[LISTED RECORDS — start]
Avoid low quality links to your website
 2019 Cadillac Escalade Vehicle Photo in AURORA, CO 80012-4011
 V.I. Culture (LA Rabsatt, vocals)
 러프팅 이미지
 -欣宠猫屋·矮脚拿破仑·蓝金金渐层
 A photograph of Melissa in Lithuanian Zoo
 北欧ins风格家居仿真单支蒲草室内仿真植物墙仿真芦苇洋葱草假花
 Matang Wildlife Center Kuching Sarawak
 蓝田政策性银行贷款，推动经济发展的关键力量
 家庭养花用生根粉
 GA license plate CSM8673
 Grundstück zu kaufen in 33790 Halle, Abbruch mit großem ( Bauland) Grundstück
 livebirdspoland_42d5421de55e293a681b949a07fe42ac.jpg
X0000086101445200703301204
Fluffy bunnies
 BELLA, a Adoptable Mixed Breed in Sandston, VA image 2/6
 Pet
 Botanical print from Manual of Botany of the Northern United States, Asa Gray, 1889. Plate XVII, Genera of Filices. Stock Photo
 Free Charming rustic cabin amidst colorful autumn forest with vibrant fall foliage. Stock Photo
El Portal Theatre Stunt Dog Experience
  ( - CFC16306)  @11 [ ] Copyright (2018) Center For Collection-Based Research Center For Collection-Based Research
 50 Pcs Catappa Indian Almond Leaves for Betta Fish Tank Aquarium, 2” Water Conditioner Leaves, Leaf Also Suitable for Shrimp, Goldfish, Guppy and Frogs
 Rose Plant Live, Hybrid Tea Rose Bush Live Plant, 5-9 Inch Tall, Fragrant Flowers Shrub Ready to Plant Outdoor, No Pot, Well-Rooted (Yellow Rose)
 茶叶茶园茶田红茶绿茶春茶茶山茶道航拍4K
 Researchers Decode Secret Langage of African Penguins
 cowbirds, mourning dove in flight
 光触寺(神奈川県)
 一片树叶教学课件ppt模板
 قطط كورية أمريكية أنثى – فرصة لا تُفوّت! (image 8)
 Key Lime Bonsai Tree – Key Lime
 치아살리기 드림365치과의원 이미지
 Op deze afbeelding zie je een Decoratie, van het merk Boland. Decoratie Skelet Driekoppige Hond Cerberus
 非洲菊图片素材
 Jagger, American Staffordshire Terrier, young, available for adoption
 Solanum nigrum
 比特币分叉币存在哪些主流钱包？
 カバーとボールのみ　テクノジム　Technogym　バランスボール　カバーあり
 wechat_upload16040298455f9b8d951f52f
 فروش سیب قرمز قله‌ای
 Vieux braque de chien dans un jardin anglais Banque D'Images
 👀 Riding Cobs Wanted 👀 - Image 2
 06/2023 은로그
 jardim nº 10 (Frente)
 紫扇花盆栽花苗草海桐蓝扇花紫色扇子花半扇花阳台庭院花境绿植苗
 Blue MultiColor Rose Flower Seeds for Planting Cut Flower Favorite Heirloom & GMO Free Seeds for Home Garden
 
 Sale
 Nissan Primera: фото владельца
[LISTED RECORDS — finish]
INSTRUCTIONS FOR THE TASK: The expected output is a verbatim retyping of each line from the one with "Jagger, American Staffordshire" to the end of the listing above, with both end lines kept and nothing added.

RESPONSE BELOW:
 Jagger, American Staffordshire Terrier, young, available for adoption
 Solanum nigrum
 比特币分叉币存在哪些主流钱包？
 カバーとボールのみ　テクノジム　Technogym　バランスボール　カバーあり
 wechat_upload16040298455f9b8d951f52f
 فروش سیب قرمز قله‌ای
 Vieux braque de chien dans un jardin anglais Banque D'Images
 👀 Riding Cobs Wanted 👀 - Image 2
 06/2023 은로그
 jardim nº 10 (Frente)
 紫扇花盆栽花苗草海桐蓝扇花紫色扇子花半扇花阳台庭院花境绿植苗
 Blue MultiColor Rose Flower Seeds for Planting Cut Flower Favorite Heirloom & GMO Free Seeds for Home Garden
 
 Sale
 Nissan Primera: фото владельца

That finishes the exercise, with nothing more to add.